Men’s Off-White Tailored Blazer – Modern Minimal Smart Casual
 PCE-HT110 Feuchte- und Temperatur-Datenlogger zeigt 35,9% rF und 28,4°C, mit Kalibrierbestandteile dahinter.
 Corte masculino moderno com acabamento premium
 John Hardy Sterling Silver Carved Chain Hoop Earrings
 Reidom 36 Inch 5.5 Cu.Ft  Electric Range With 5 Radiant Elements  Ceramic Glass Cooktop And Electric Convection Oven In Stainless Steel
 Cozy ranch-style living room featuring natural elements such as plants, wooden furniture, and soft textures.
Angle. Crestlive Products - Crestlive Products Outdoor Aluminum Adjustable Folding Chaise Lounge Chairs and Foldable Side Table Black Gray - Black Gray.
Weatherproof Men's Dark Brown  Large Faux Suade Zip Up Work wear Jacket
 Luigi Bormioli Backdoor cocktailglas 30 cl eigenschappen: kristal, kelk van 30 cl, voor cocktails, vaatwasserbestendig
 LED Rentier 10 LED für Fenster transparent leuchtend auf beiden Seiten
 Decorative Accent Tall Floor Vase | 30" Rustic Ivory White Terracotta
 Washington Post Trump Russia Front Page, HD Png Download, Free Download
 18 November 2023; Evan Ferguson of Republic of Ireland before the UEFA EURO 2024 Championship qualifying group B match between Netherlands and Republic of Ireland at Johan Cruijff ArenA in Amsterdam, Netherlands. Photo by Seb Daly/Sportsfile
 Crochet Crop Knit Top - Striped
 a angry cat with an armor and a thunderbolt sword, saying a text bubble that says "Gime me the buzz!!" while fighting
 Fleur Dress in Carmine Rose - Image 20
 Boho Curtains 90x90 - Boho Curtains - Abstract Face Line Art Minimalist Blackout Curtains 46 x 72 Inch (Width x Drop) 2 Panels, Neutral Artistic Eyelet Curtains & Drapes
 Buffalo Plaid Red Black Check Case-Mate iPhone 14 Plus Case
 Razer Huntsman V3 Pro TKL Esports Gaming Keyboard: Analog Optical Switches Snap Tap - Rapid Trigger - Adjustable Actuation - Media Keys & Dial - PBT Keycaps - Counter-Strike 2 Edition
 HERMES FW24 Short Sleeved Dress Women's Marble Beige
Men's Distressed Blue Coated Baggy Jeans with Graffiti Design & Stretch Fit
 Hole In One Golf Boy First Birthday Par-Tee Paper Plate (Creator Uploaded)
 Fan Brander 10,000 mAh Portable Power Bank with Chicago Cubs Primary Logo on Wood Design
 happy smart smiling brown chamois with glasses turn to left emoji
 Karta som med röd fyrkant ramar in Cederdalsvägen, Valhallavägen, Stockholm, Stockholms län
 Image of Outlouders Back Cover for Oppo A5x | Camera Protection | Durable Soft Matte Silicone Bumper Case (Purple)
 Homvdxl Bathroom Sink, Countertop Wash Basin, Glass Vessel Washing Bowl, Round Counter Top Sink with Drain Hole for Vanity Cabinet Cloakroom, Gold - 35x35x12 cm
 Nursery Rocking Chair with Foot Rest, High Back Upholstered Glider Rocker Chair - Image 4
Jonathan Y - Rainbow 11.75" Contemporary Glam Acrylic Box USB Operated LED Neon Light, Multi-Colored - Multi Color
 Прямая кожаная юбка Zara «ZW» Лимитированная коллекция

• [Your task]
Gather up, from the records above, each line where the word "Image" appears.

• [Your response]
 Fleur Dress in Carmine Rose - Image 20
 Image of Outlouders Back Cover for Oppo A5x | Camera Protection | Durable Soft Matte Silicone Bumper Case (Purple)
 Nursery Rocking Chair with Foot Rest, High Back Upholstered Glider Rocker Chair - Image 4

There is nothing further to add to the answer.